Consider the following two functions

def a(var=[0]):
    print (var)
    var = var + [4]

def b(var=[0]):
    print (var)
    var.append(4)

They should act the same, but more importantly, both should simply print '[0]' if called with no arguments. The act very differently and only a() will print '[0]' all the time.

>>> a()
[0]
>>> a()
[0]
>>> a()
[0]

>>> b()
[0]
>>> b()
[0, 4]
>>> b()
[0, 4, 4]

Why does a() function differently from b()?

It seems like you can't use the list API if you want the variable to be overwritten with the default in the case that no arguments are past to the function. And if you do the function will 'remember' what it the variable was previously.

The situation in my code appears in a recursive function, so just 'del'-ing the unwanted variable won't really work. Is there a way to overwrite a variable every time you call the function with no arguments?
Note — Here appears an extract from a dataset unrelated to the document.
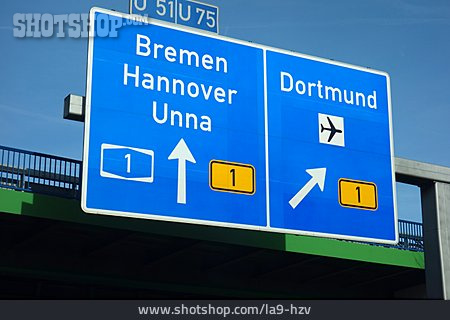 
                Autobahnschild, A1, B1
After hours and hours of research I discovered this. It might be related to the question above and might lead to an answer. We can define a lifetime class like so:

class lifetime:   # adapted from http://naml.us/blog/tag/variable-lifetime
    def __init__(self, name):
        self.name = name
        print ('creating: ' + name)
    def __del__(self):
        print ('destroying: ' + self.name)
    def __iadd__(self, a):
        self.append(a)
    def append(self, a):
        self.name += ' and ' + a.name
        print('appending: ' + a.name + ' to ' + self.name)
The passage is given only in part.